[What you should do] Reproduce, word for word, the lines in the material below starting with the one that has "Vakantiehuis Monte Da Xara" and going on through the one that has "同陽(yáng)十一月生日會(huì) | 一路風(fēng)景，我們攜手同行！". Leave out all pictures.

[The records]
════

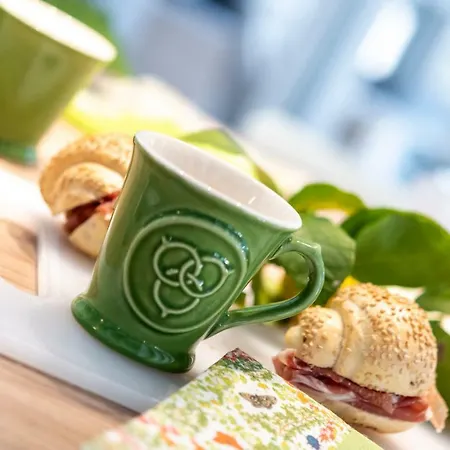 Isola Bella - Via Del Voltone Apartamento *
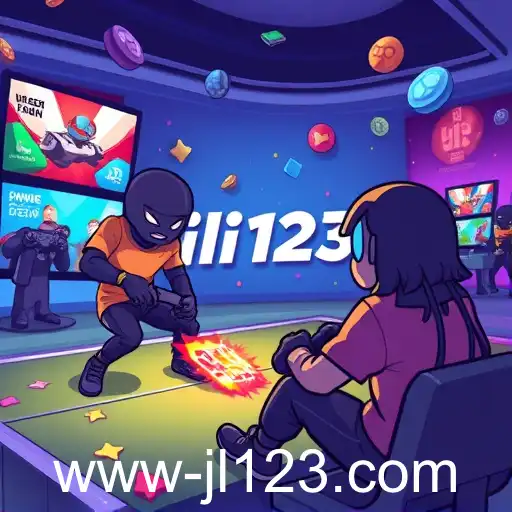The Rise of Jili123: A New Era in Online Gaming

════

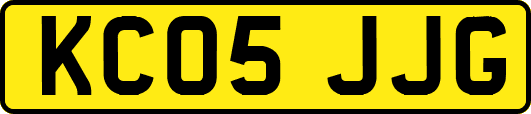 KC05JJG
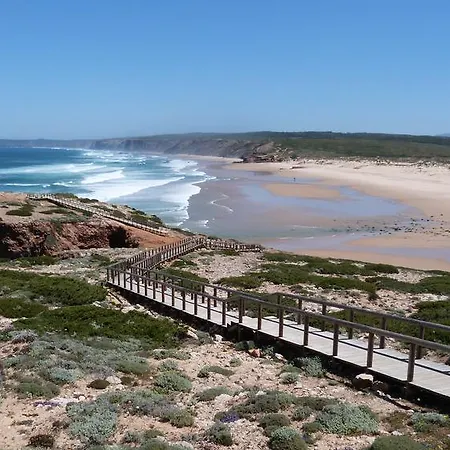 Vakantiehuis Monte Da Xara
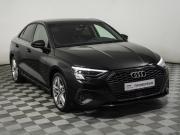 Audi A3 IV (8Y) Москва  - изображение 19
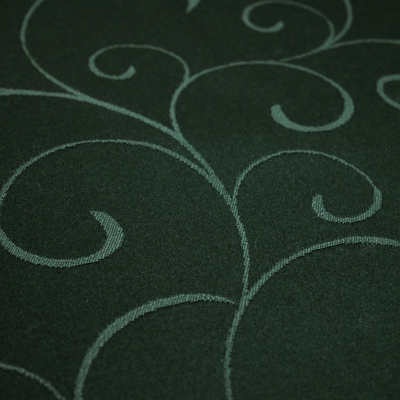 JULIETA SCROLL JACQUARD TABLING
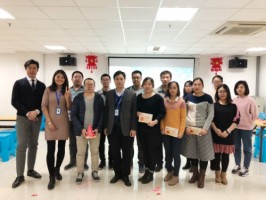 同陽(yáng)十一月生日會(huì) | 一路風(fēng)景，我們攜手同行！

════

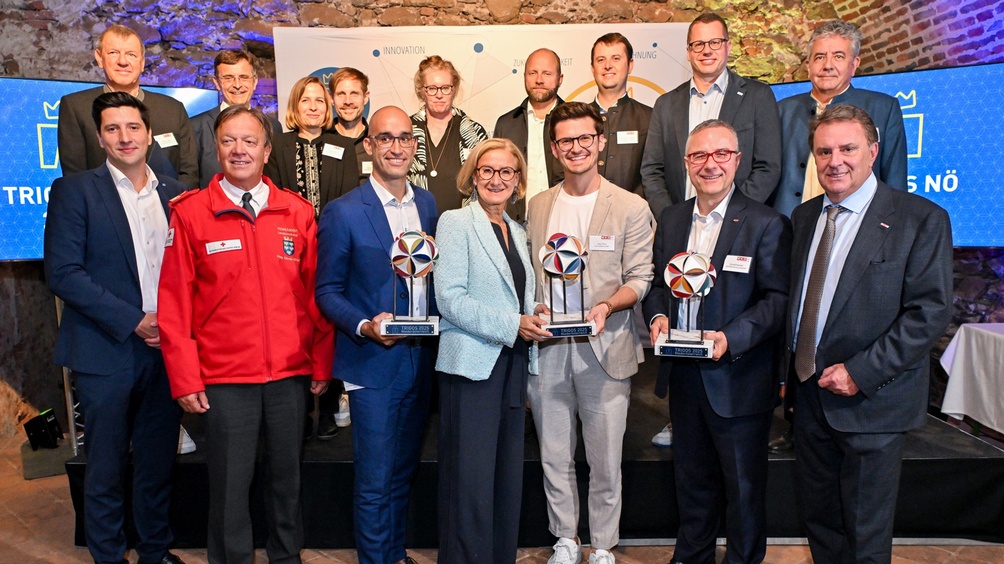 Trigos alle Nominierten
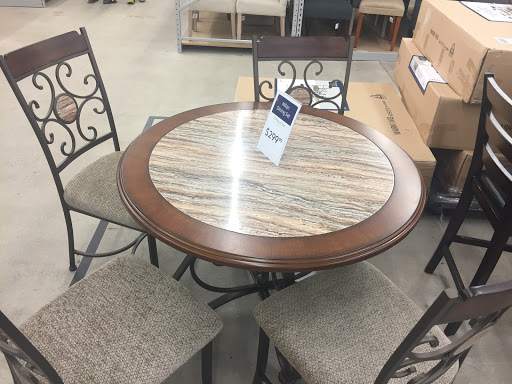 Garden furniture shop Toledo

════

[Exercise response]
 Vakantiehuis Monte Da Xara
 Audi A3 IV (8Y) Москва  - изображение 19
 JULIETA SCROLL JACQUARD TABLING
 同陽(yáng)十一月生日會(huì) | 一路風(fēng)景，我們攜手同行！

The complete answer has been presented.